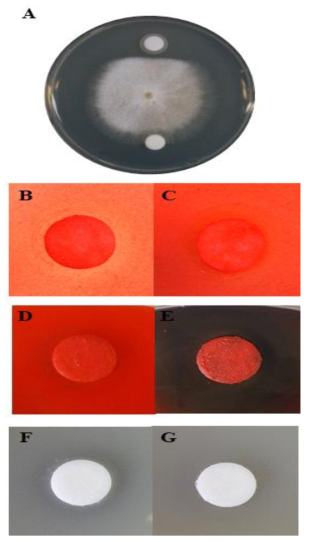 Comparative of activity between the wild type strains (L. brevis 100D8 and L. holzapfelii5H4) and each mutant. A: antifungal activity of L. brevis 100D8 and Δlanthionine strain. B: cellulase enzyme assay of L. holzapfelii 5H4 C: cellulase enzyme assay of L. holzapfelii Δcellualase strain D: xylanase enzyme assay of L. holzapfelii 5H4, E: xylanase enzyme assay of L. holzapfelii Δxylanase mutant, F: esterase enzyme assay of L. holzapfelii 5H4, G: esterase enzyme assay of L. holzapfelii Δesterase mutant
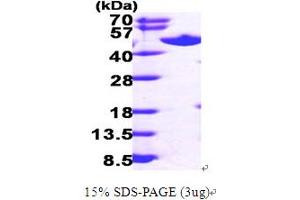 SDS-PAGE (SDS) image for Adenosylhomocysteinase (AHCY) (AA 1-432) protein (His tag) (ABIN667029)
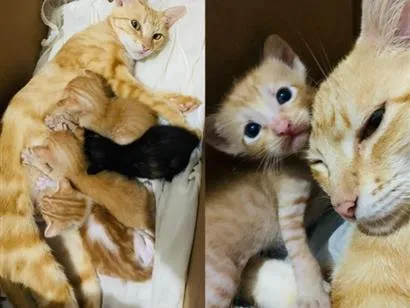 Gato raça SRD-ViraLata idade Abaixo de 2 meses nome Ainda sem nome, são filhotes. 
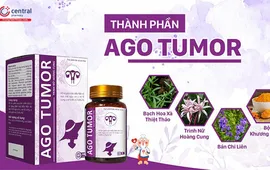 Bạch Hoa Xà Thiệt Thảo - Dược liệu quý trong AGO TUMOR hỗ trợ cải thiện u nang, u xơ tử cung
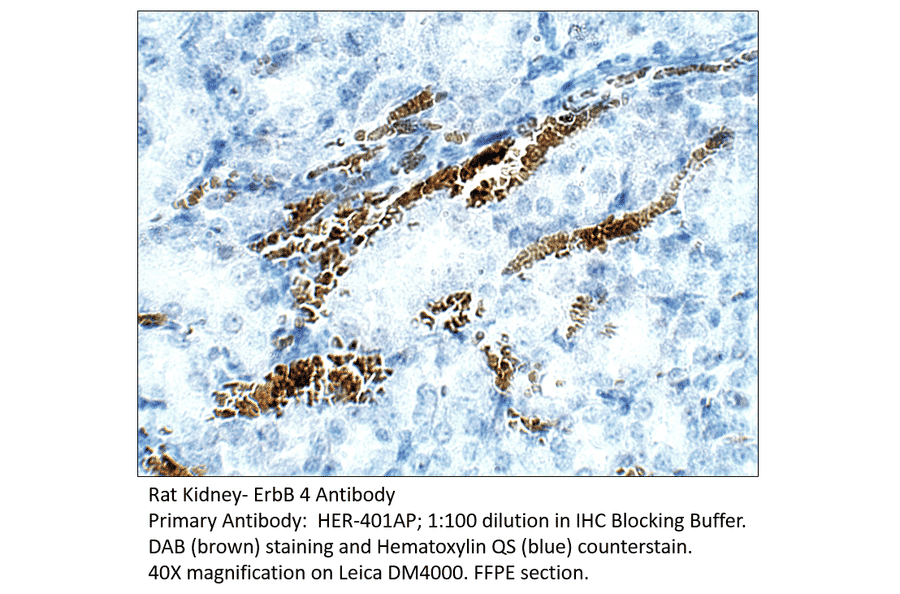 Anti-ErbB 4 Antibody from FabGennix (HER-401AP) - Antibodies.com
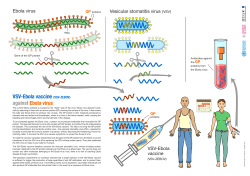 Le vaccin VSV contre le virus Ebola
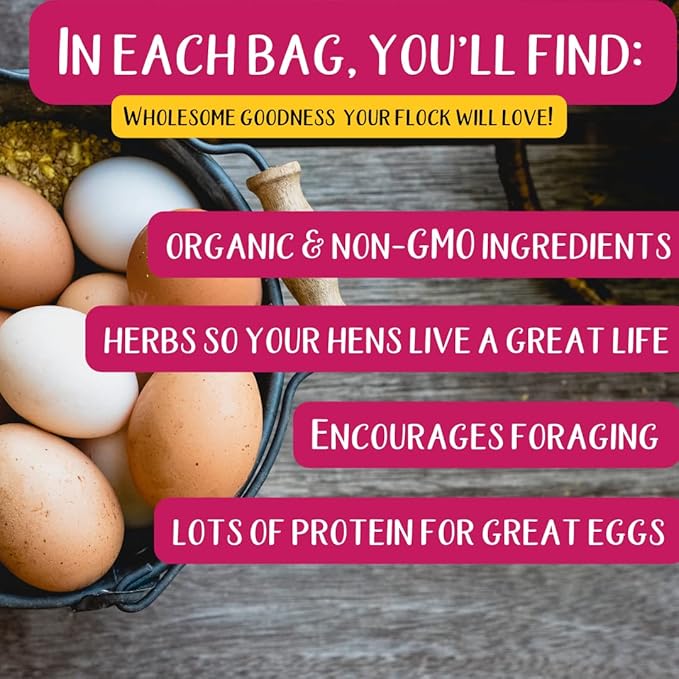 Pampered Chicken Mama Chick Feed - Premium Chicken Scratch Treat - High Protein & Calcium Grower Feed for Laying Hens (10 lbs)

TASK OBJECTIVE: In the records above, find the line that contains "Le vaccin VSV contre le virus Ebola". Print it and every later line exactly, omitting the pictures.

RESPONSE TO THIS TASK:
 Le vaccin VSV contre le virus Ebola
 Pampered Chicken Mama Chick Feed - Premium Chicken Scratch Treat - High Protein & Calcium Grower Feed for Laying Hens (10 lbs)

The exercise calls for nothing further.